The concept that children have greater capacity to learn and adapt to their environment compared to adults is based on observations that children have superior ability to learn a second language or operate a musical instrument more efficiently and more importantly, the ability to recover, to a certain extent, after brain injury.
This ability to remodel and change, also known as neuroplasticity, is the cornerstone of brain maturation, and is thought to be enhanced during specific periods called “critical and sensitive periods” of brain development.
Abnormal neuroplasticity is implicated in many brain disorders in children including intellectual disabilities, cerebral palsy, epilepsy, attention deficit hyperactivity disorder (ADHD) and autism.

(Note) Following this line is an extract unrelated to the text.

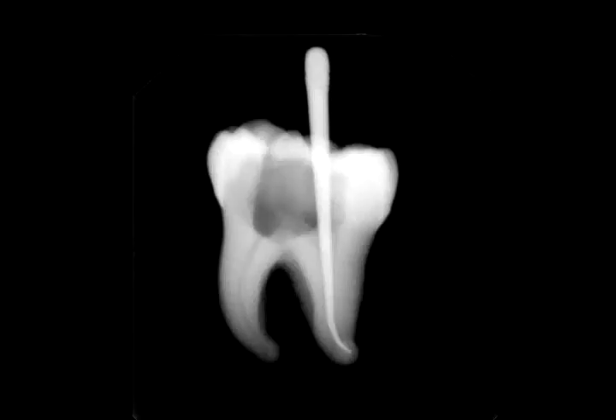Please note the curve on X-ray, which truly doesn't reflect the degree of curvature that was present. Also, please note that what appears a bit short on X-ray was right to the orifice when viewed directly.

To improve neurological dysfunction in these disorders and with advances in technology, researchers are now able to “induce” remodeling, to a certain degree, in the brain at deep and superficial levels using electrical and magnetic field stimulation devices such as deep brain stimulation (DBS) and transcranial magnetic stimulation (TMS). While these methods are well studied in adults, their use in children with is still in infancy.

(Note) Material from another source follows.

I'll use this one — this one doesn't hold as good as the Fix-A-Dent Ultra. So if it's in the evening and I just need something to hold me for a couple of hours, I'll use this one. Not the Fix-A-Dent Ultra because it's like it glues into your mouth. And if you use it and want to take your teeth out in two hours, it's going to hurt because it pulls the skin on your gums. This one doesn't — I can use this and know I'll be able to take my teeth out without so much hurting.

In this article, we characterize and outline the different types of neuroplasticity in children in health and disease including neuroplasticity that enables children to acquire skills and achieve milestones (developmental neuroplasticity), neuroplasticity that result in developmental disabilities (impaired developmental neuroplasticity), neuroplasticity after intense musical practice (adaptive neuroplasticity), neuroplasticity after brain injury or brain surgery (reactive neuroplasticity), and neuroplasticity that gets “out of control” as seen in some seizure syndromes (excessive or destabilizing neuroplasticity) and finally, neuroplasticity that puts the young brain at higher risk for further injury (the brain’s Achilles tendon).

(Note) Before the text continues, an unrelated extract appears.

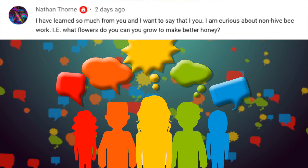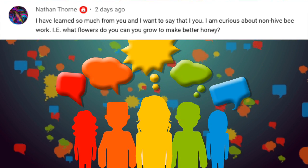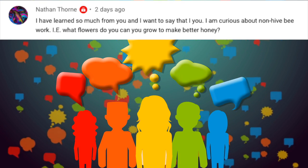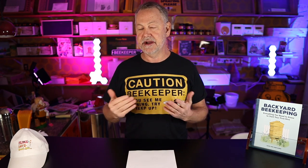The first shout-out goes to Nathan Thorne. He says: 'I've learned so much from you. I'm curious about non-hive bee work — what flowers can you grow to make more honey?' Well, Nathan, that's a good question I often get asked. People are always wondering what to plant in their yard and garden to help their bees make more honey.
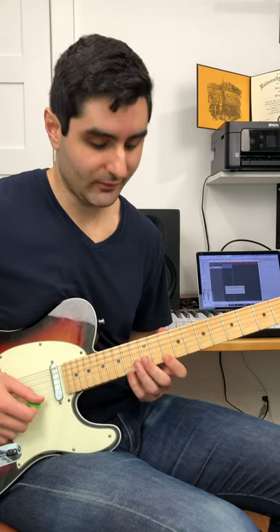Then once you get really comfortable with that, you can add in hammer-ons and pull-offs and come up with your own really cool patterns and play awesome stuff like this.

We then discuss the crucial role of “critical and sensitive periods” in controlling and shaping the brain’s ability to change in children at different time points and in different brain networks. We also refer to data from animal studies and studies in adult subjects to showcase that it is possible to modulate the timing of these periods in order to lend more time for other interventions to take place.
Based on that, we hypothesize that identifying and understanding what “opens and closes” these periods in some children with brain disorders such as seizures, cerebral palsy and other neurodevelopmental disorders or after brain injury might open “windows of opportunity” to apply therapies that are not commonly seen in adult brain.
By understanding how neuroplasticity works and when is it enhanced, it is foreseeable in the near future that we would be able to identify which and when some brain disorders are more amenable to rehabilitation or brain stimulation-based techniques. Careful timing of interventions might allow for greater improvements in clinical outcomes.